PydPiper / pylightxl

A light weight, zero dependency, minimal functionality excel read/writer python library
https://pylightxl.readthedocs.io
MIT License
300 stars 47 forks source link

cell formatting #2

Closed mszbot closed 4 years ago

mszbot commented 4 years ago

Does this library read cell formats? I.e. "percentage", "text" etc?

PydPiper commented 4 years ago

Hi mszbot, thanks for taking a look at pylightxl. Currently this library only reads cell values. For example if your cell has: 10% in it or =10% both of these cells will evaluate to 0.1 within pylightxl and it will be type converted into float for you. Part of keeping this library small/simple and to the point is to not go beyond the cell data itself, therefore no cell colors, sizes, conditional formats are scraped by pylightxl. Hope this helps. Let me know if you need help getting started

mszbot commented 4 years ago

So it reads the underlying values only which are all floats, gotcha.

What's the difference between this lib and xlrd?

PydPiper commented 4 years ago

pylightxl read all cellvalues: integers, floats, text, and formulas (however as mentioned above formulas are evaluated, and only their value is stored by pylightxl).

xlrd is a great tool it's aim is similar with zero dependencies, however xlrd currently has no active developers and I don't know where the project is going to go in the future. pylightxl is very light weight and will be tailored toward user needs for quick and easy cell data read/write

mszbot commented 4 years ago

HI @PydPiper

I was watching this gif and I noted that when you read a cell the value returned using this library is as it appears in the cell. I though this library would return the underlying float? I was expecting to see 0.10 not 10

image

PydPiper commented 4 years ago
Hi mszbot, Thank you for your interest in pylightxl. The cell values are all of type INT, therefore pylightxl returned INT as well. Give it a go by reading in a cell of type INT and of type FLOAT yourself and hope everything works out as planned 😊 Let me know if you see something other than expected there Happy pythoning   From: mszbotSent: Wednesday, May 6, 2020 4:22 AMTo: PydPiper/pylightxlCc: PydPiper; MentionSubject: Re: [PydPiper/pylightxl] cell formatting (#2) HI @PydPiperI was watching this gif and I noted that when you read a cell the value returned using this library is as it appears in the cell. I though this library would return the underlying float? I was expecting to see 0.10 not 10—You are receiving this because you were mentioned.Reply to this email directly, view it on GitHub, or unsubscribe. 
jkyeung commented 4 years ago

I was watching this gif and I noted that when you read a cell the value returned using this library is as it appears in the cell. I though this library would return the underlying float? I was expecting to see 0.10 not 10

@mszbot - Well, I'm going to guess you meant 10.0 (rather than 0.10).

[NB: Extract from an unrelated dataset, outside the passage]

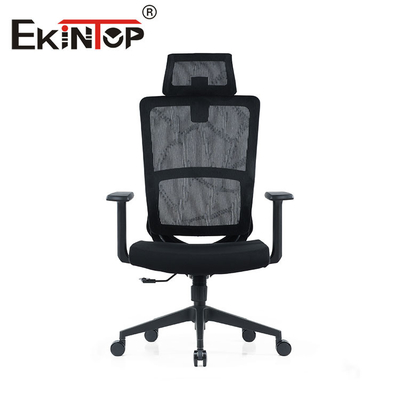 Giro revolvendo traseiro alto da cadeira do escritório ergonômico para o apartamento da casa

In the old BIFF files (binary .xls files), it's true that all numeric values were stored as floats (specifically, double-precision). However, with the advent of .xlsx, all the data is stored textually in XML documents. So a cell which contains 10.1 would show up in the XML with a value like this: <v>10.1</v> while a value of 10 (or 10.0) would look like this: <v>10</v>.

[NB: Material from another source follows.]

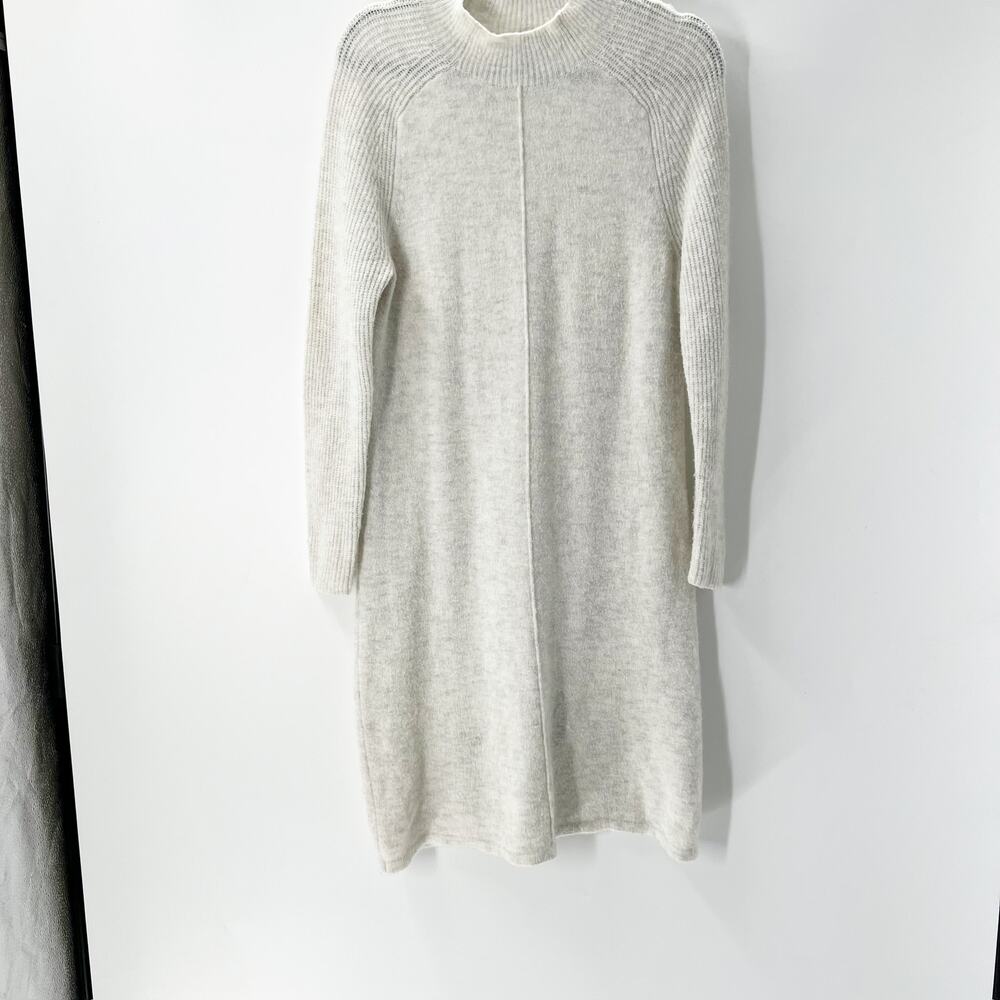 Banana Republic Women's Heathered Cream Turtleneck Midi Sweater Dress Size SP‎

While xlrd (and probably Excel itself) converts all numeric values into floats, pylightxl converts the XML value into int if it can.

mszbot commented 4 years ago

I'm a xlrd user hence the 0.10 assumption.

All makes sense, I think I need to install this lib and test it myself now.

Thanks for your help.

jkyeung commented 4 years ago

I'm a xlrd user hence the 0.10 assumption.

But xlrd would give you 10.0. I do not understand where you get 0.10 from. I understand that different locales have different conventions for decimal points and thousands separators, and maybe left-to-right versus right-to-left plays into this somehow; so to be clear, we are talking about the number ten, as in, the number of fingers a typical human has, including thumbs. That would appear in the Python REPL as the integer 10 or the floating point number 10.0. If the cell had been 10%, then both xlrd and pylightxl would report it as 0.1, because that is what would have been found in the file.